Requirement
Starting at the line that contains "Karma Yacht Photos" and ending at the line that contains "把粉红色的香槟从瓶子里倒入玻璃杯里黑色背景视频的预览图", the lines below are to be given again exactly, with nothing added.

Data in this exercise
╔══

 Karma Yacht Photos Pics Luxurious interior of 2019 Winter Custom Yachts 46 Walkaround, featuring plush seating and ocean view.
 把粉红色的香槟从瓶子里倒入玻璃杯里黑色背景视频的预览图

╚══
╔══

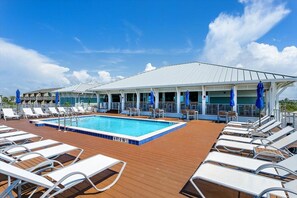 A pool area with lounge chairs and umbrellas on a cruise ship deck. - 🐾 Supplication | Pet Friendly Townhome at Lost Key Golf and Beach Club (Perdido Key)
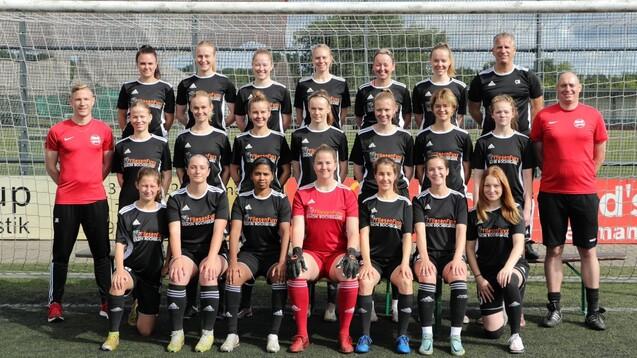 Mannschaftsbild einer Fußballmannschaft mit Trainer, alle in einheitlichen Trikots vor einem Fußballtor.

╚══

Output
 Karma Yacht Photos Pics Luxurious interior of 2019 Winter Custom Yachts 46 Walkaround, featuring plush seating and ocean view.
 把粉红色的香槟从瓶子里倒入玻璃杯里黑色背景视频的预览图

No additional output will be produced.